• _To do_: Your task is to give the listing below back word for word, pictures excluded.

• _Recorded data_:
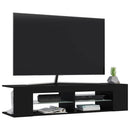 tv-skab med LED-lys 135x39x30 cm sort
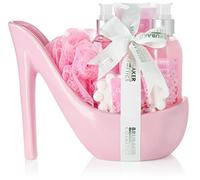 BRUBAKER Cosmetics Lusso Fiori di Ciliegio Set Bagno e Doccia - Set 6 Pezzi Bagno e Doccia - Set Regalo in Ceramica a Stiletto Rosa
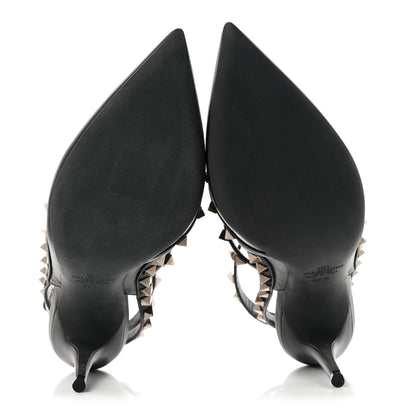 Valentino Garavani Nappa Rockstud Ankle Strap Pumps 37.5 Black 6 of 9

• _Solution for this problem_:
 tv-skab med LED-lys 135x39x30 cm sort
 BRUBAKER Cosmetics Lusso Fiori di Ciliegio Set Bagno e Doccia - Set 6 Pezzi Bagno e Doccia - Set Regalo in Ceramica a Stiletto Rosa
 Valentino Garavani Nappa Rockstud Ankle Strap Pumps 37.5 Black 6 of 9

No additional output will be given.